- What is being asked -
Up to and including the line with "2 Pine Hill", restate the records below word for word, beginning with their first line.

Caption-style text data:
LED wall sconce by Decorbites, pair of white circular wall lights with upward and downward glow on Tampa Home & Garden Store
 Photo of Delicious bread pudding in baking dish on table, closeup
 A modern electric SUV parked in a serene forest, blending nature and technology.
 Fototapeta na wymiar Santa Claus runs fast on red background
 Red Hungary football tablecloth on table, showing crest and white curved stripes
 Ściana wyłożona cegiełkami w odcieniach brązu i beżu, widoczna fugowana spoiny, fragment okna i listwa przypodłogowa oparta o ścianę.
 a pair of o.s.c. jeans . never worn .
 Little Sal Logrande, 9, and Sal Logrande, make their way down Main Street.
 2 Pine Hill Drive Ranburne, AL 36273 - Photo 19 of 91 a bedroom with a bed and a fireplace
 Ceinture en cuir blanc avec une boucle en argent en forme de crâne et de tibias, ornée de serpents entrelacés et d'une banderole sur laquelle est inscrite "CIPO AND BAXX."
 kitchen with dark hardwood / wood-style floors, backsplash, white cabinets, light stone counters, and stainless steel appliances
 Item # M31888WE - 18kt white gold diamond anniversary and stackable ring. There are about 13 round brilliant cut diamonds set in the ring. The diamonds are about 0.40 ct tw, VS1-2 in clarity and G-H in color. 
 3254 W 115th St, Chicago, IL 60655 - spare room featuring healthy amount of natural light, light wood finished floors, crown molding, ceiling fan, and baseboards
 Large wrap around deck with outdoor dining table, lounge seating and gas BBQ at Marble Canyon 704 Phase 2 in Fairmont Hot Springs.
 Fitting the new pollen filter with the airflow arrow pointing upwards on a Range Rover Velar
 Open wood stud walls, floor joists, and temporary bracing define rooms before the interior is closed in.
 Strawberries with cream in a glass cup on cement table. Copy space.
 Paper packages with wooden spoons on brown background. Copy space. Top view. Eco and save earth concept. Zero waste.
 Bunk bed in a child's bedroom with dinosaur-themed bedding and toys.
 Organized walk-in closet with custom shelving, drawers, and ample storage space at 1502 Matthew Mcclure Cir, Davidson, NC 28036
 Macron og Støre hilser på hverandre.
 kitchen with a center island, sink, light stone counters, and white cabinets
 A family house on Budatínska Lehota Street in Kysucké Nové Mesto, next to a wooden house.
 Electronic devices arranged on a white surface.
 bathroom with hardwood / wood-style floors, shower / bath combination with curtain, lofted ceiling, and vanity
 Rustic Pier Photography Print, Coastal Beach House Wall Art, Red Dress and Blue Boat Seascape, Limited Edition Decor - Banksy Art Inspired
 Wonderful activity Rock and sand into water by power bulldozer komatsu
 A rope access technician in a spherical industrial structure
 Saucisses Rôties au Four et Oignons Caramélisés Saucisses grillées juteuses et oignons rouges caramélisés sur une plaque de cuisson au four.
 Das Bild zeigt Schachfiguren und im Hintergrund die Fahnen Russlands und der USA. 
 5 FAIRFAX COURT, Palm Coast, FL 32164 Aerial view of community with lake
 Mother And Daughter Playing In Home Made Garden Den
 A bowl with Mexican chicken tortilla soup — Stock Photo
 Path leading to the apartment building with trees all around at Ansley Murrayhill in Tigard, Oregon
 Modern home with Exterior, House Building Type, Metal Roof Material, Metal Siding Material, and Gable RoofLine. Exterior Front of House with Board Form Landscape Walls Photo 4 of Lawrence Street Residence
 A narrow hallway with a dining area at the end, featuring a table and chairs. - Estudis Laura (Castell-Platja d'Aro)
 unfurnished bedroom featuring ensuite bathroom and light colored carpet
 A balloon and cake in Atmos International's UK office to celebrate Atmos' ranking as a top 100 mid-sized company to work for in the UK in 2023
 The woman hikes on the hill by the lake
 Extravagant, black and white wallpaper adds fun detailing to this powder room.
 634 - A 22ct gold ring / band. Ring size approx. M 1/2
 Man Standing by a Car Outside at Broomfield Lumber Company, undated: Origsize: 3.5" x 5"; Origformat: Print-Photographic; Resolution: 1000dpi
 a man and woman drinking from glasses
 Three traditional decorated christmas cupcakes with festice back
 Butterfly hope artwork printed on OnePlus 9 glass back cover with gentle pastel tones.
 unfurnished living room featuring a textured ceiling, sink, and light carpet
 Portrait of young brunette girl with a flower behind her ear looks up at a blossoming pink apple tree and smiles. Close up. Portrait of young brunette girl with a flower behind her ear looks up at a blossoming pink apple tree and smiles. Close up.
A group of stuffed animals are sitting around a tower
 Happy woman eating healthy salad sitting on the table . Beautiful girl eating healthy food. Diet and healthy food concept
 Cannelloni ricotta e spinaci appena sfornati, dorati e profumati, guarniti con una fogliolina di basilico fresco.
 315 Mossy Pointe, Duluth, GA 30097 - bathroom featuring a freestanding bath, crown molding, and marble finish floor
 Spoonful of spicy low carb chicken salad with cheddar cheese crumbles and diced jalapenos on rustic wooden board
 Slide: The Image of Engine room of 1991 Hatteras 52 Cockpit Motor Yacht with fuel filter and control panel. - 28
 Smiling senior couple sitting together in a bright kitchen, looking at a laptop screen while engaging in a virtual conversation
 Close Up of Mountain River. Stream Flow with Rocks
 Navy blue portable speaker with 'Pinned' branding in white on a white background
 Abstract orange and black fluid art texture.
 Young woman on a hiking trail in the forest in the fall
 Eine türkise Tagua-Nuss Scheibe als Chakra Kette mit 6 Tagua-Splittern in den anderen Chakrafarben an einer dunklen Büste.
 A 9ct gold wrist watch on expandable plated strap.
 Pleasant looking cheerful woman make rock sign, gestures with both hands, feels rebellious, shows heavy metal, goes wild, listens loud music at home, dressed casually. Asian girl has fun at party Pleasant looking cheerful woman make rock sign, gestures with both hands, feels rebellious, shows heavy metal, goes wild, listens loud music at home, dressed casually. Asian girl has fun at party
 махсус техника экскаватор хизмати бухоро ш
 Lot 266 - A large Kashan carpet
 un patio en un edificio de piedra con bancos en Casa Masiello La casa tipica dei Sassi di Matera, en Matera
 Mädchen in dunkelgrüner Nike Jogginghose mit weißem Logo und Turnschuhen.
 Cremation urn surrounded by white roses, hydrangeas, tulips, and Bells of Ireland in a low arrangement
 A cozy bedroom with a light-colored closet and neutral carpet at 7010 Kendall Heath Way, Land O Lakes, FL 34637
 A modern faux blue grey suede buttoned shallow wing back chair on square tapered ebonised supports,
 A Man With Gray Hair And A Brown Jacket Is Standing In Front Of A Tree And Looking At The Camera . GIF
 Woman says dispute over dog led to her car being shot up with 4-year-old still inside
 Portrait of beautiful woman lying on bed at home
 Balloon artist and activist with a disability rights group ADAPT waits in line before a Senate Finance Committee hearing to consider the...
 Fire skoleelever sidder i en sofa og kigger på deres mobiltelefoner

- Answer section -
LED wall sconce by Decorbites, pair of white circular wall lights with upward and downward glow on Tampa Home & Garden Store
 Photo of Delicious bread pudding in baking dish on table, closeup
 A modern electric SUV parked in a serene forest, blending nature and technology.
 Fototapeta na wymiar Santa Claus runs fast on red background
 Red Hungary football tablecloth on table, showing crest and white curved stripes
 Ściana wyłożona cegiełkami w odcieniach brązu i beżu, widoczna fugowana spoiny, fragment okna i listwa przypodłogowa oparta o ścianę.
 a pair of o.s.c. jeans . never worn .
 Little Sal Logrande, 9, and Sal Logrande, make their way down Main Street.
 2 Pine Hill Drive Ranburne, AL 36273 - Photo 19 of 91 a bedroom with a bed and a fireplace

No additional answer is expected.